* YOUR TASK
Make an exact copy of the lines from the one holding "this 1288×947 image." through the last line of the material, and output nothing else.

* WORKING DATA
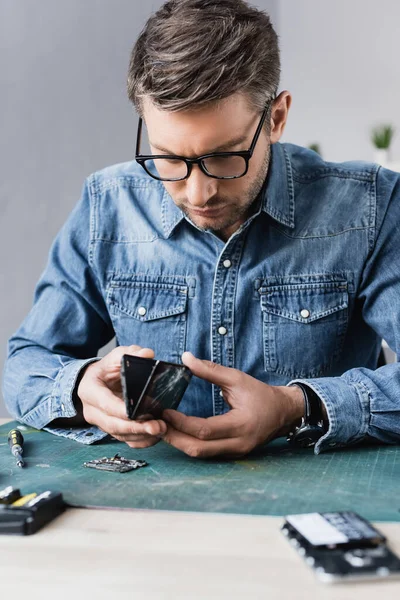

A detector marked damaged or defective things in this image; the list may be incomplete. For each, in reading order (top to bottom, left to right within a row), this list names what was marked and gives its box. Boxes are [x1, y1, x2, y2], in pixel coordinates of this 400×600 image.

broken smartphone screen [120, 354, 192, 420]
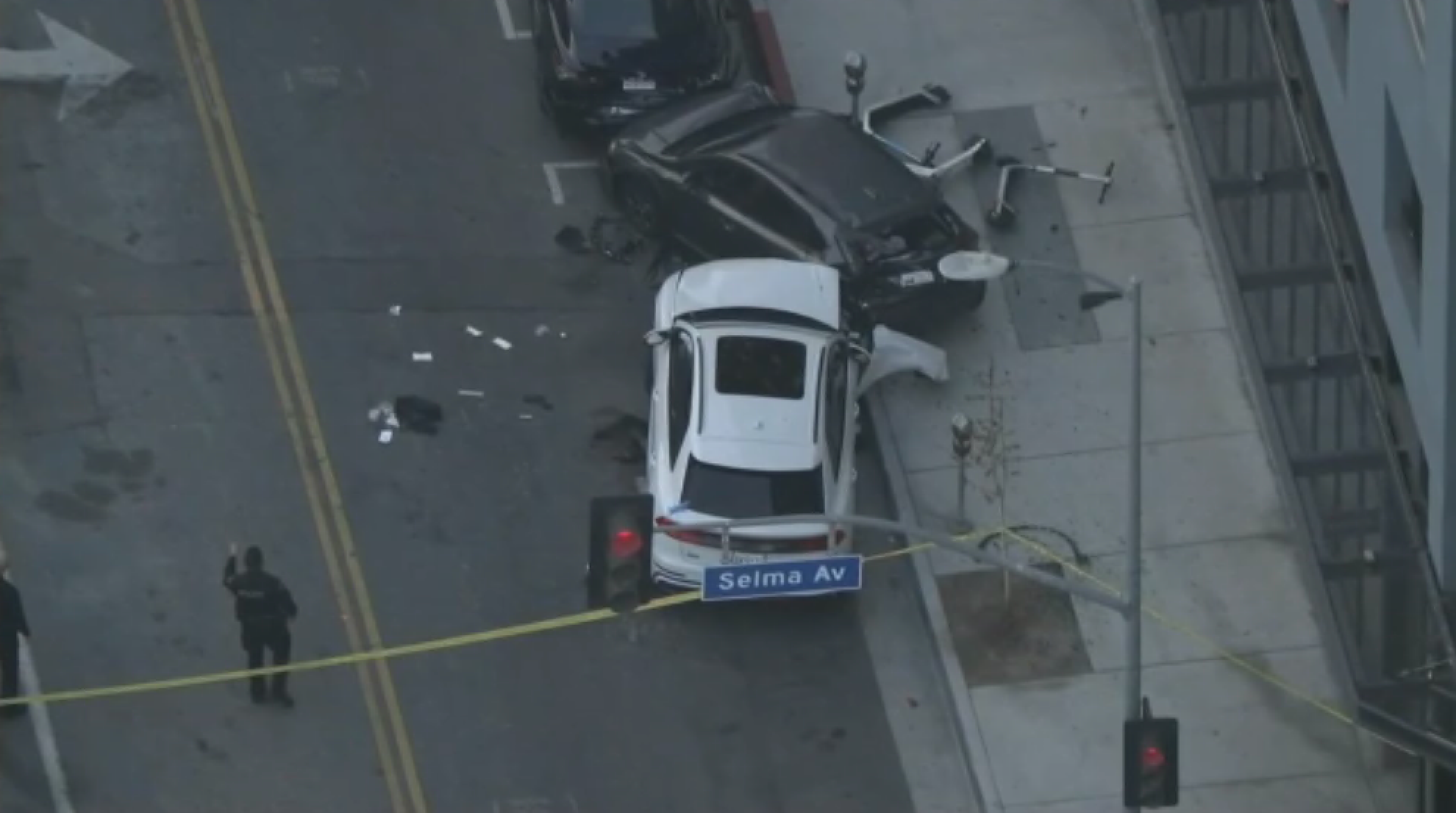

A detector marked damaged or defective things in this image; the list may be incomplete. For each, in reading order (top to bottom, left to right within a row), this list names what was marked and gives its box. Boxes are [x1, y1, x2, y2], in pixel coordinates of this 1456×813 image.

black damaged car [532, 0, 741, 131]
black damaged car [603, 81, 994, 325]
white damaged car [647, 257, 947, 585]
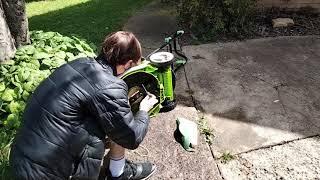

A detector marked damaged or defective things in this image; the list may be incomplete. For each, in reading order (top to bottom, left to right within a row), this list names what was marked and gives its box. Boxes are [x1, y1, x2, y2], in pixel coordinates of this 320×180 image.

cracked concrete path [181, 37, 320, 158]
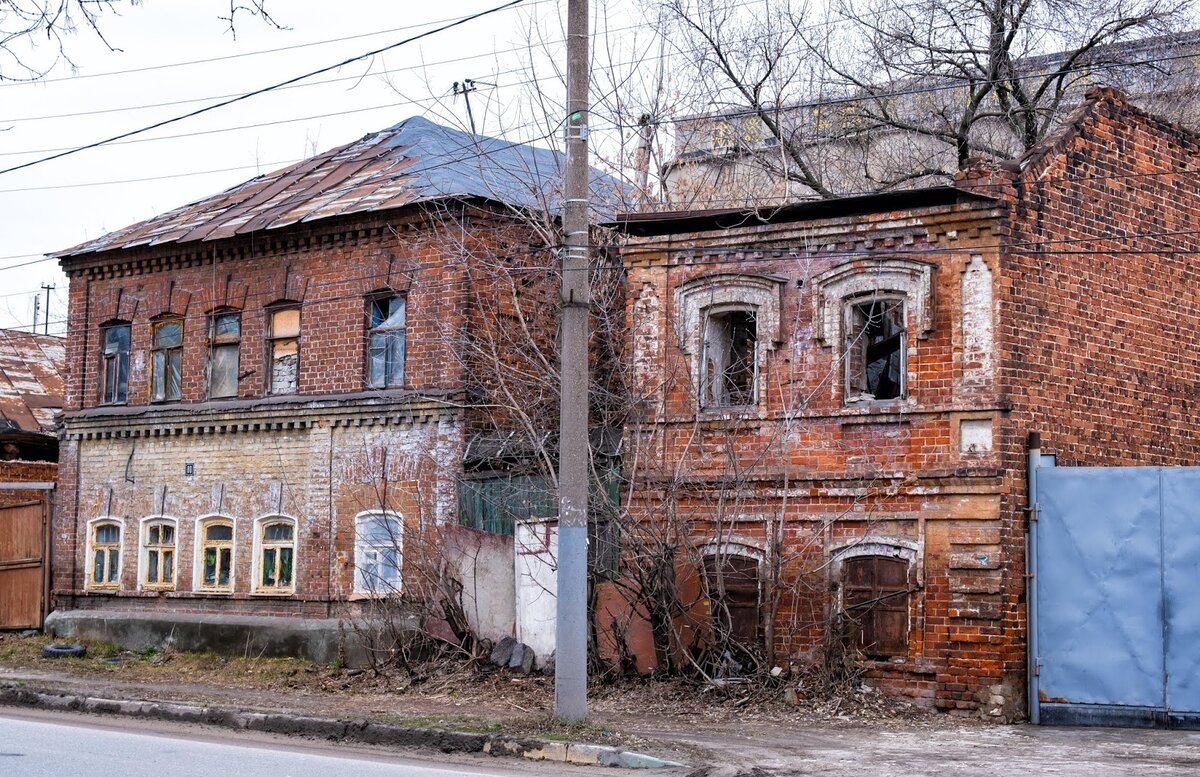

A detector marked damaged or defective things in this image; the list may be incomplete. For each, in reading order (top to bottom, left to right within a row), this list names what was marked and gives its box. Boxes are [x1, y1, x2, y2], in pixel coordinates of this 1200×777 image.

corroded metal roofing [54, 115, 620, 260]
corroded metal roofing [0, 328, 65, 436]
broken window [101, 322, 131, 406]
broken window [149, 316, 183, 404]
broken window [209, 310, 241, 398]
broken window [268, 306, 300, 394]
broken window [364, 294, 406, 388]
broken window [700, 308, 756, 410]
broken window [848, 298, 904, 400]
rusty metal gate [0, 500, 49, 628]
broken window [89, 520, 120, 588]
broken window [142, 520, 177, 588]
broken window [197, 520, 232, 592]
broken window [255, 520, 296, 592]
broken window [352, 510, 404, 596]
broken window [704, 552, 760, 644]
broken window [844, 556, 908, 656]
rusty metal gate [1024, 460, 1200, 728]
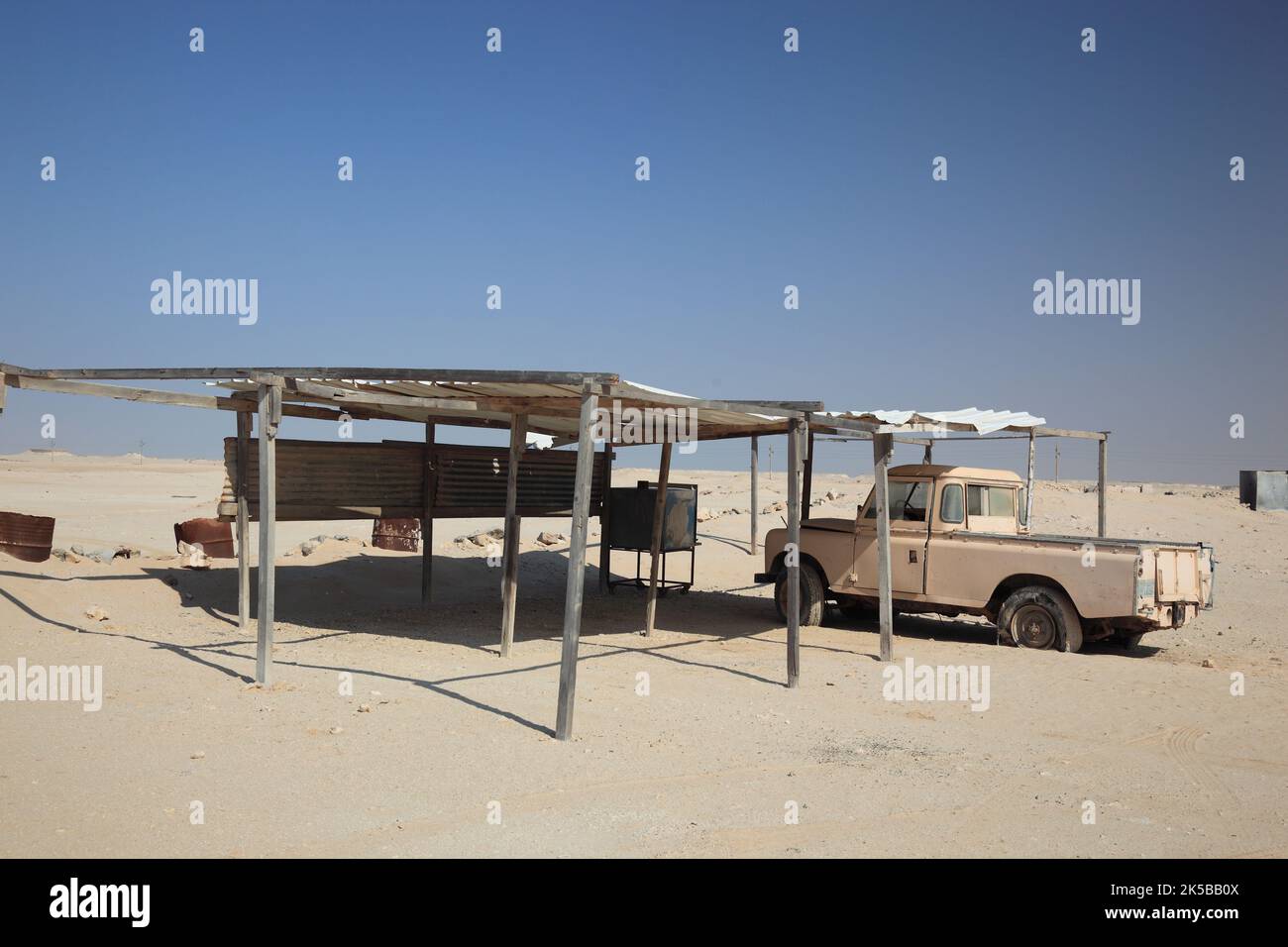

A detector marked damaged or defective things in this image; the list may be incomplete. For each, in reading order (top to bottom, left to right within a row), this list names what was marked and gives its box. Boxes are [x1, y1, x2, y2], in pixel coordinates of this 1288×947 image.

rusty pickup truck [749, 464, 1213, 650]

* EXERCISE OUTPUT
A detector marked damaged or defective things in this image; the list may be incomplete. For each, in reading order (top to bottom, left to right within a row), this list names what was marked and gives its box. Boxes are [x1, y1, x2, y2], in pixel coordinates of this 1288×947 image.

rusty pickup truck [749, 464, 1213, 650]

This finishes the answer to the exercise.